Making it easier to be more productive will lead to far more things to be done and far more jobs than there are humans to do the jobs. There will be disruptions along the way, but this will be the trend over the next decade.
Ambitious people who work 60+ hours a week will not start working 30 hours a week with better tools. They will create more.
Joe Reis: The Jevons Paradox of Software and the Ten Minute App
“As it becomes trivially easy to build, we don’t build less. We build dramatically more. Every problem that was previously ‘not worth writing software for’ suddenly is.”
“It’s less clear that it replaces the connective tissue that holds complex organizations together.”
In my opinion the “connective tissue” moves from the systems of record to the systems of work (workflow). Everyone will try to emulate the highest productive workflow. It will be far more than just that one guy in the office who knows how to use the Bloomberg terminal better than everyone else.

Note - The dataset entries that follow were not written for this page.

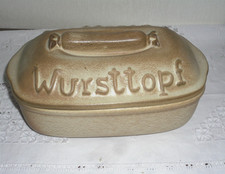 Wursttopf Keramiktopf  Steinzeug  Deckel  Kasserole vintage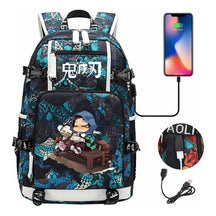 Cartoon Printed Usb Large Capacity Youth Student Backpack For Men And Women's Leisure Travel Backpack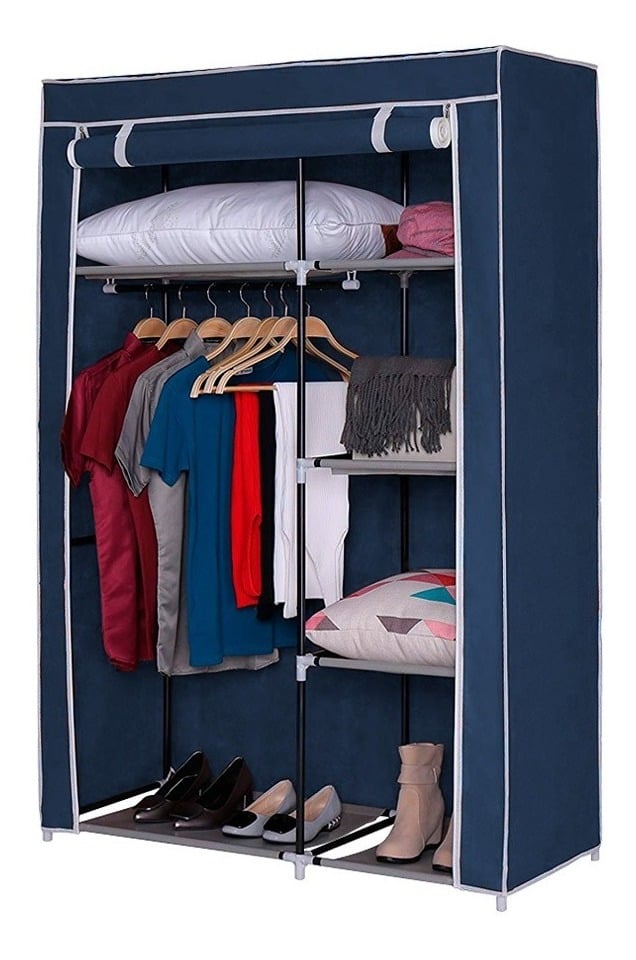 CLÓSET AZUL ROPERO TELA CON COLGADOR 5 ESTANTES 170X100X50 LOI - 1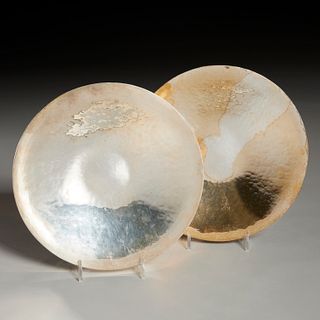 Jean Perey, pair silvered hammered dishes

Greg Rosalsky of NPR published Why the AI world is suddenly obsessed with a 160-year-old economics paradox.
“…as AI makes certain occupations more efficient, it could lead to an increase in demand for human labor, not mass layoffs.”
Stefanija Tenekedjieva Haans published The Jevons Paradox and its implications in the AI era
“The Jevons Paradox is evident here: the more efficient and accessible SaaS products become, the more companies adopt them, creating an expanded demand for custom development.”
Prateek Sharma published The Jevons Paradox In Cloud Computing: A Thermodynamics Perspective
Despite massive efficiency gains in hyperscale clouds, energy use keeps rising because efficiency fuels growth (Jevons’ Paradox holds in cloud computing).
Alexandra Sasha Luccioni From Efficiency Gains to Rebound Effects: The Problem of Jevons’ Paradox in AI’s Polarized Environmental Debate
Making AI more energy efficient will result in more AI-related energy being consumed.